** Opening DATA UNDER STUDY block **
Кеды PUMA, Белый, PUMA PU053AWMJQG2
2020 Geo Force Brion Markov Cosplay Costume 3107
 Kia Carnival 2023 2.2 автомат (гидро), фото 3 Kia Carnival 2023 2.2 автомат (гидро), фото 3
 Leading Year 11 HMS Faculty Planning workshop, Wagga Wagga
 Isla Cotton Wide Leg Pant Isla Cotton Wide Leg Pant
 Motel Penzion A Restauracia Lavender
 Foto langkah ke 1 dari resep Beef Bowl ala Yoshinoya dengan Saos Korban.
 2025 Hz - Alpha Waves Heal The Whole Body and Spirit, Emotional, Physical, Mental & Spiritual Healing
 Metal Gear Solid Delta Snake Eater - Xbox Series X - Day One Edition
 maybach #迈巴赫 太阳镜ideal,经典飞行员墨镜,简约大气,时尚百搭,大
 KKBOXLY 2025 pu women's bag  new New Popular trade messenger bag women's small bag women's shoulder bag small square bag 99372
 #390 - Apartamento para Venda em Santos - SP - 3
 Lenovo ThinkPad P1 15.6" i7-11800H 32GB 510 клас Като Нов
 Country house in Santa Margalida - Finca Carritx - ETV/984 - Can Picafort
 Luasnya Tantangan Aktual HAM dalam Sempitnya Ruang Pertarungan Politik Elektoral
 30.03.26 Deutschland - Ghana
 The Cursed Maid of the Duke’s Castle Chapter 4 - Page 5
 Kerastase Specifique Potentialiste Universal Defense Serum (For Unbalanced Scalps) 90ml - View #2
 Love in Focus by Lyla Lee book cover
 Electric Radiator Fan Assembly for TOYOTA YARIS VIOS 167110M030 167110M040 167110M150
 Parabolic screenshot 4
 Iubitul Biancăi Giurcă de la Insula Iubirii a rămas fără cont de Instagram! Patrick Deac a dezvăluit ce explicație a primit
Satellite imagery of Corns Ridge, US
** Closing DATA UNDER STUDY block **
- WHAT TO DO
Output every entry exactly.

- ANSWER TO THIS EXERCISE
Кеды PUMA, Белый, PUMA PU053AWMJQG2
2020 Geo Force Brion Markov Cosplay Costume 3107
 Kia Carnival 2023 2.2 автомат (гидро), фото 3 Kia Carnival 2023 2.2 автомат (гидро), фото 3
 Leading Year 11 HMS Faculty Planning workshop, Wagga Wagga
 Isla Cotton Wide Leg Pant Isla Cotton Wide Leg Pant
 Motel Penzion A Restauracia Lavender
 Foto langkah ke 1 dari resep Beef Bowl ala Yoshinoya dengan Saos Korban.
 2025 Hz - Alpha Waves Heal The Whole Body and Spirit, Emotional, Physical, Mental & Spiritual Healing
 Metal Gear Solid Delta Snake Eater - Xbox Series X - Day One Edition
 maybach #迈巴赫 太阳镜ideal,经典飞行员墨镜,简约大气,时尚百搭,大
 KKBOXLY 2025 pu women's bag  new New Popular trade messenger bag women's small bag women's shoulder bag small square bag 99372
 #390 - Apartamento para Venda em Santos - SP - 3
 Lenovo ThinkPad P1 15.6" i7-11800H 32GB 510 клас Като Нов
 Country house in Santa Margalida - Finca Carritx - ETV/984 - Can Picafort
 Luasnya Tantangan Aktual HAM dalam Sempitnya Ruang Pertarungan Politik Elektoral
 30.03.26 Deutschland - Ghana
 The Cursed Maid of the Duke’s Castle Chapter 4 - Page 5
 Kerastase Specifique Potentialiste Universal Defense Serum (For Unbalanced Scalps) 90ml - View #2
 Love in Focus by Lyla Lee book cover
 Electric Radiator Fan Assembly for TOYOTA YARIS VIOS 167110M030 167110M040 167110M150
 Parabolic screenshot 4
 Iubitul Biancăi Giurcă de la Insula Iubirii a rămas fără cont de Instagram! Patrick Deac a dezvăluit ce explicație a primit
Satellite imagery of Corns Ridge, US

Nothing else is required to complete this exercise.